The licensee of a Polish bar has vowed to take his battle to serve beer in litres all the way to the House of Lords.
Nic Davison, Punch leaseholder at the Kuchnia Polska in Doncaster, has been warned that he faces a court appearance and a £2,000 fine if he does not serve his draught beer in pints.
The Polish themed café and bar opened in May this year to serve the 18,000-strong Polish community in Doncaster. However, Trading Standards issued an Infringement Notice against Davison for breaching Weights and Measures legislation on 24 July because he serves Polish beer Zweic in 0.5L and 0.3L measures.
But Davison has vowed to ignore Trading Standards warning to switch over to pint glasses within 28 days.
"This is absolutely farcical," he said. "I want the law changed to give the British public the right to choose whether they want beer in pints or litres.
"We clearly mark that our beer is in litres so everyone knows what they are getting. I am looking forward to my day in court because I believe Trading Standards is wrong.

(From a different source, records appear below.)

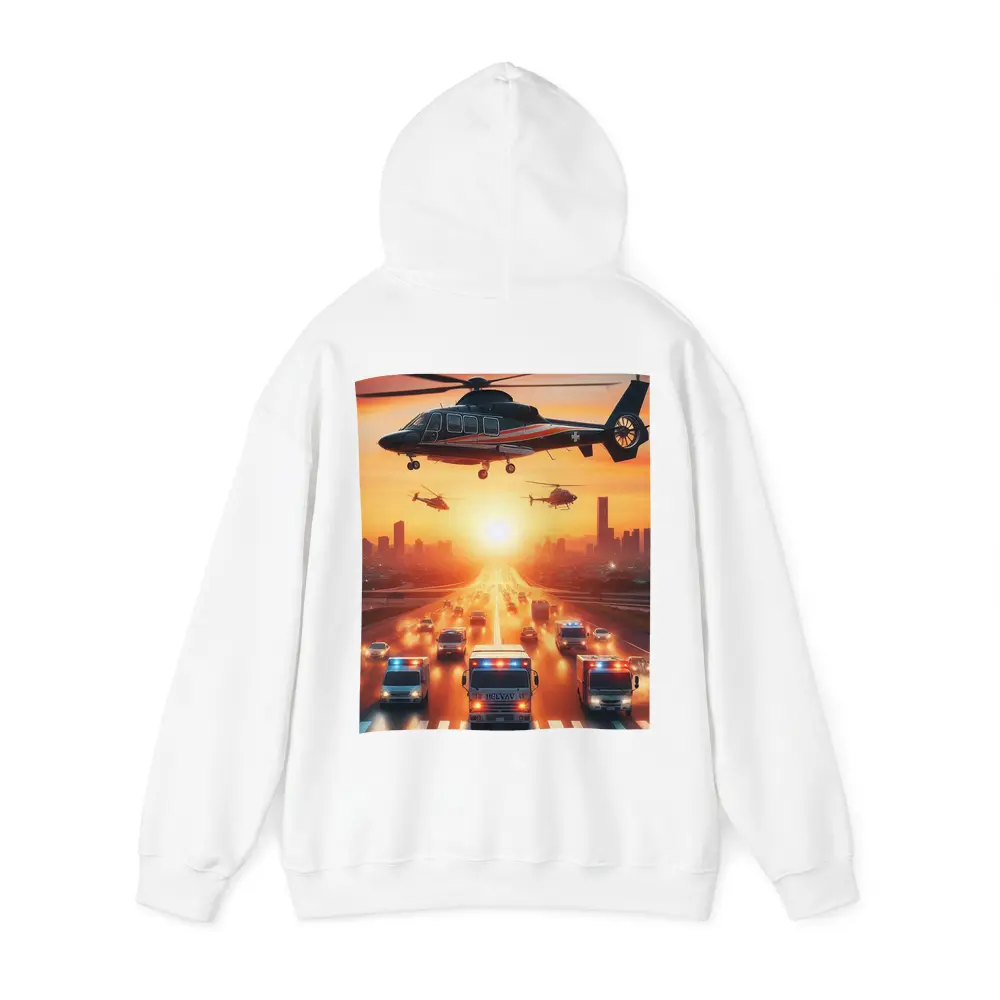 Emergency Helicopters Ambulances City Sunset Scene – Hoodies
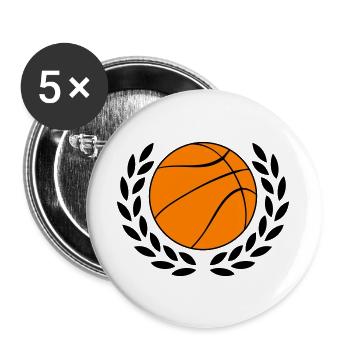 Basketball-Icon in kräftigem Orange - Buttons groß 56 mm (5er Pack) - Weiß - Vorne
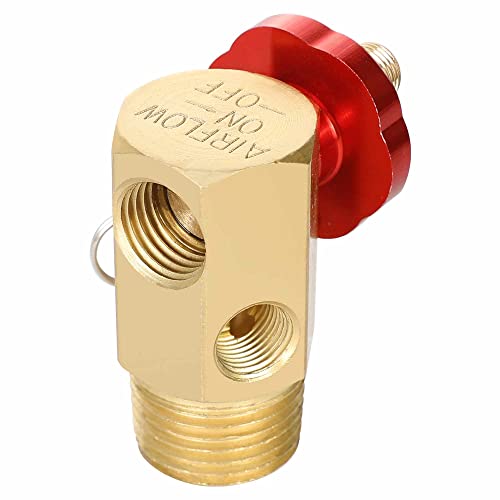 Hromee Air Tank Manifold Tool with Fill Port, Aluminum Shut Off Safety Valve and Relief Bypass 1/2" NPT Tank x 1/4" NPT Hose x 1/8" NPT Gauge for Air Compressor Portable Carry Tank - size: Air Tank Manifold Tool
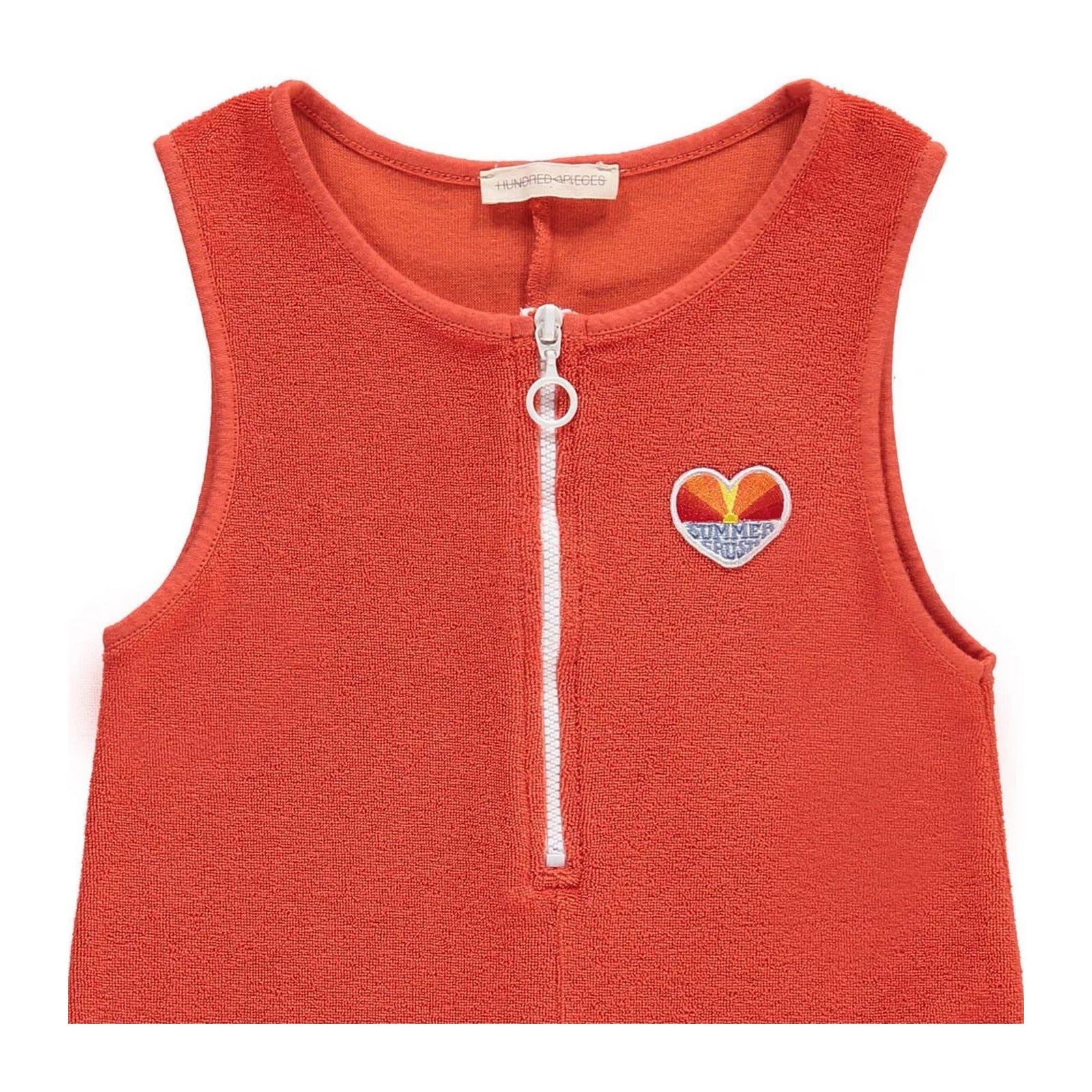 Hundred Pieces - Terry Playsuit Summer Crush - Mandarin - Girl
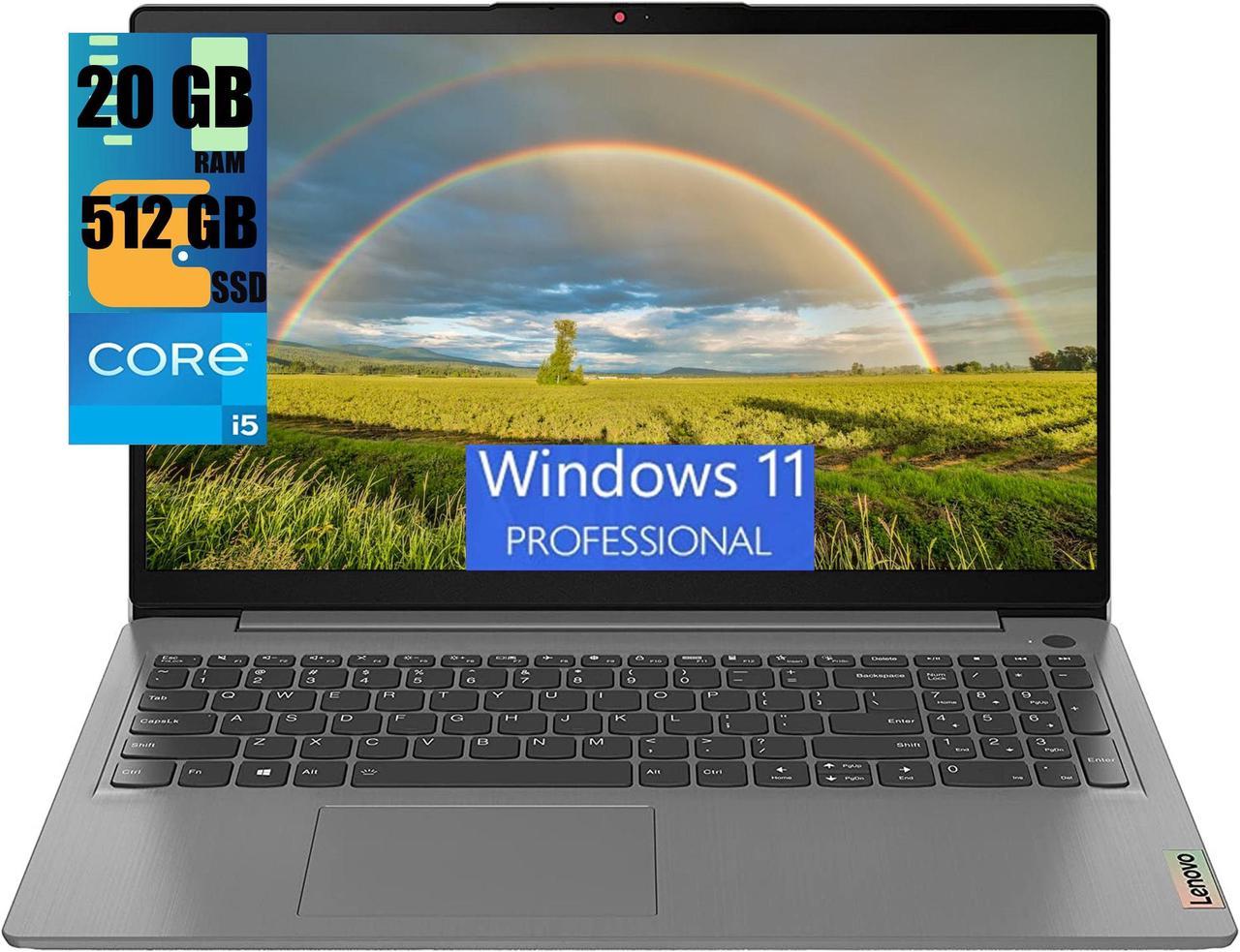 Lenovo IdeaPad 3 15 Laptop, 15.6" FHD (1920x1080) Touchscreen, Intel i5-1135G7 4-Core (Up to 4.2GHz) Processor, Intel Iris Xe Graphics, 20GB DDR4  512GB PCIe SSD, WiFi, HDMI, Windows 11 Pro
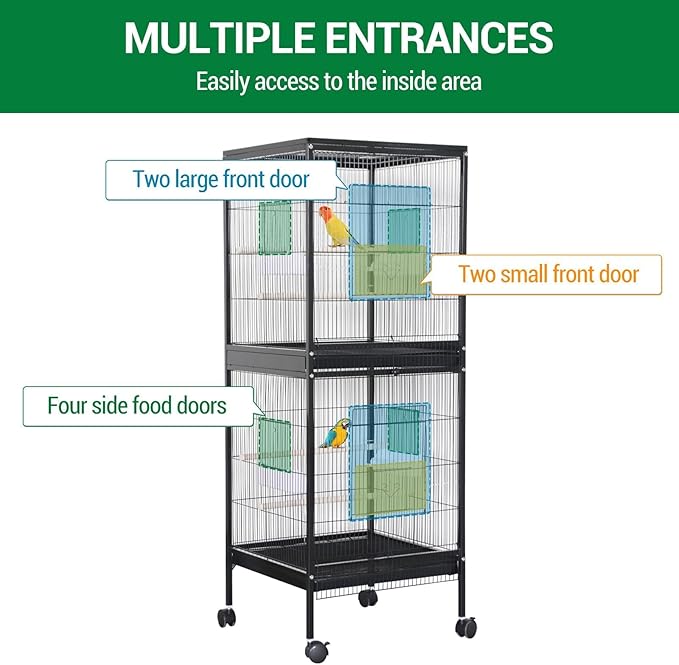 GarveeHome Small Bird Cage with Wheels, Parakeet Cage, Bird Carrier for Parakeets, Canaries, Lovebirds, Small Quaker, Cockatiels, Budgie, Green Cheek (55in)
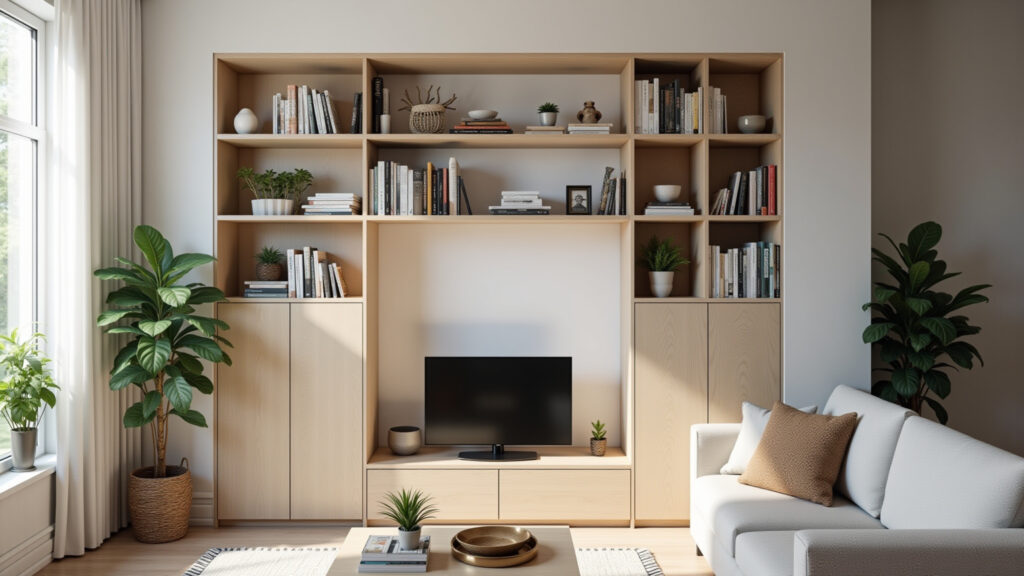 Small living room, shelves and niches, organized, books, plants, decor, bright, Brazilian Prateleiras e nichos organizando sala pequena.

This is absolutely farcical. I want the law changed to give the British public the right to choose whether they want beer in pints or litresNic Davison, Kuchnia Polska bar
"It's a silly law and I have already written to my local MP David Miliband and Prime Minister Gordon Brown - although I believe they may be busy with other issues at the moment. I will take this all the way to the House of Lords."
Davison has teamed up with campaign group Metric Martyrs - which was set up to support Sunderland market trader Steve Thorburn after he was convicted of selling bananas in pounds in 2001.
"Yet again we have officials who have failed to exercise any common sense," said campaign director Neil Herron.
"This is going to make the Government a laughing stock all over Europe. At the same time they are signing up to the European Constitution intent on being good Europeans, the mad officials on the ground are preparing to hit a Polish pub with a 10lb sledgehammer."
UK law states that all draught beer, lager and cider products must be served in either a 1/3 pint measure or multiples of 1/2 pint.
"Although most other goods have to be sold in metric measures of some kind, beer and cider must not be sold on draught in metric measures," said MA legal expert Peter Coulson. "In bottles, yes, but not when it comes to pouring a pint."
"Draught beer has the unique distinction of being ring-fenced so those licensees who would like to sell in metric are actually prevented from so doing.
"You would think that Trading Standards Officers had better things to do with their time, to prevent people being ripped off. But they say it could cause confusion with the public, not knowing whether the 'pint' they were getting was 568ml or a half litre (500ml)."